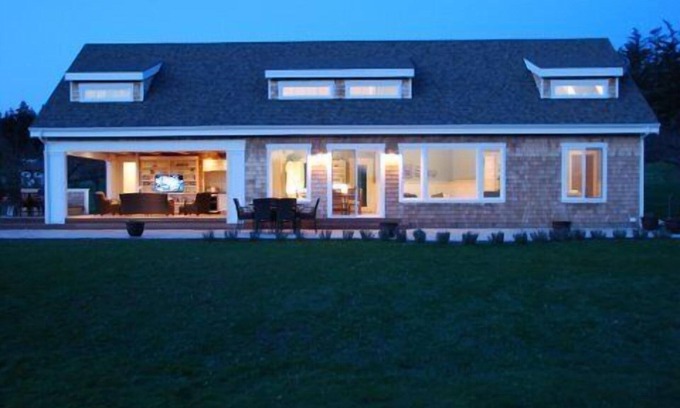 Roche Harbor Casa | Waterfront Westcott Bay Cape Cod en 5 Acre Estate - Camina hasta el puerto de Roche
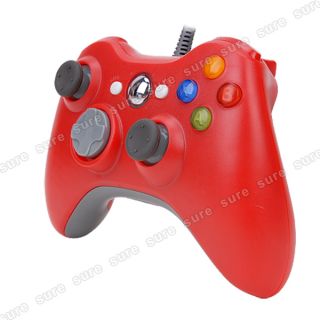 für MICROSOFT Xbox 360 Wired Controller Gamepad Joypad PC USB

---

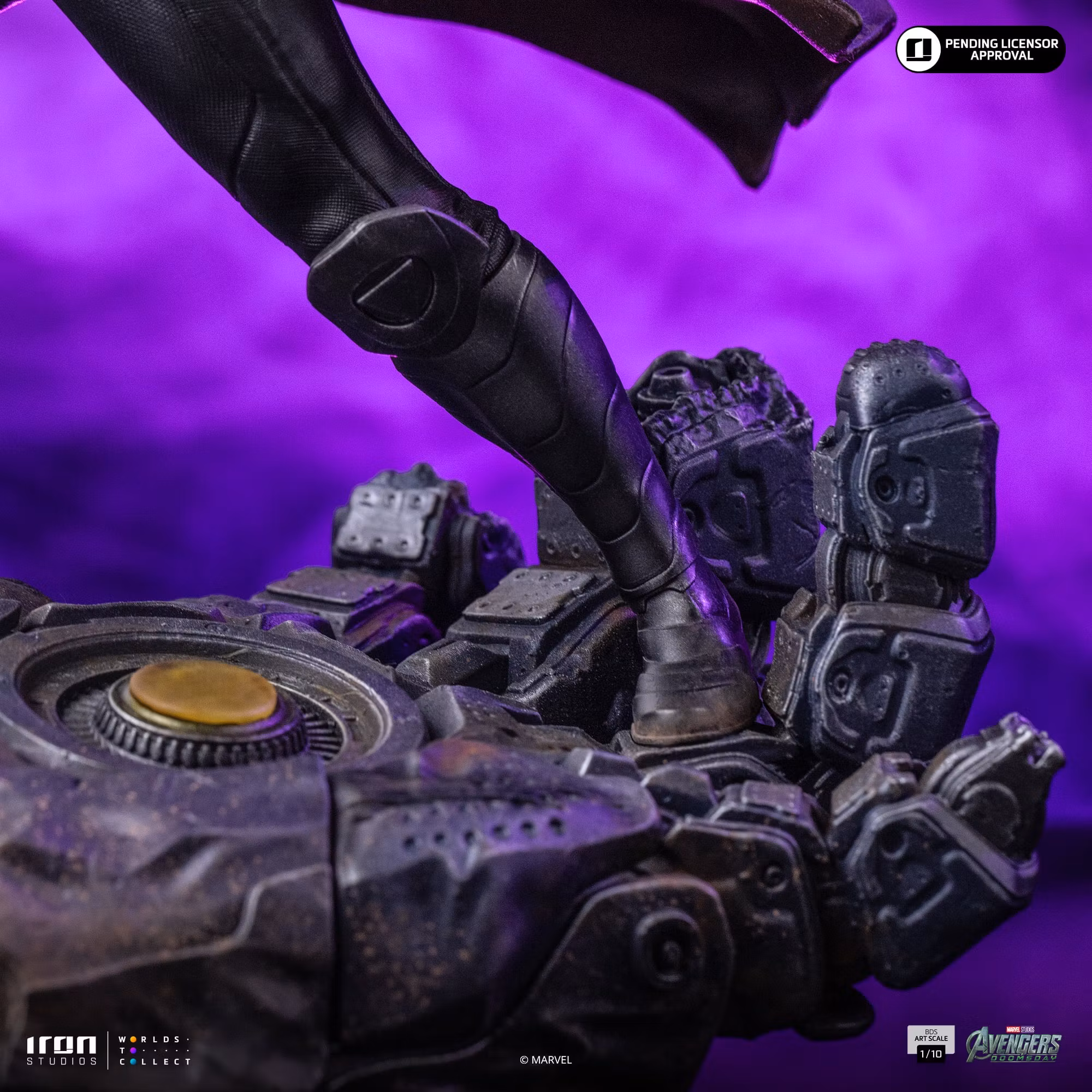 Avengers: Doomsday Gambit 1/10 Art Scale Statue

Work instructions.
Transcribe the listing above exactly, but only from the line with "Roche Harbor Casa" through the line with "für MICROSOFT Xbox". Include both of those lines and omit the pictures.

Answer below.
 Roche Harbor Casa | Waterfront Westcott Bay Cape Cod en 5 Acre Estate - Camina hasta el puerto de Roche
 für MICROSOFT Xbox 360 Wired Controller Gamepad Joypad PC USB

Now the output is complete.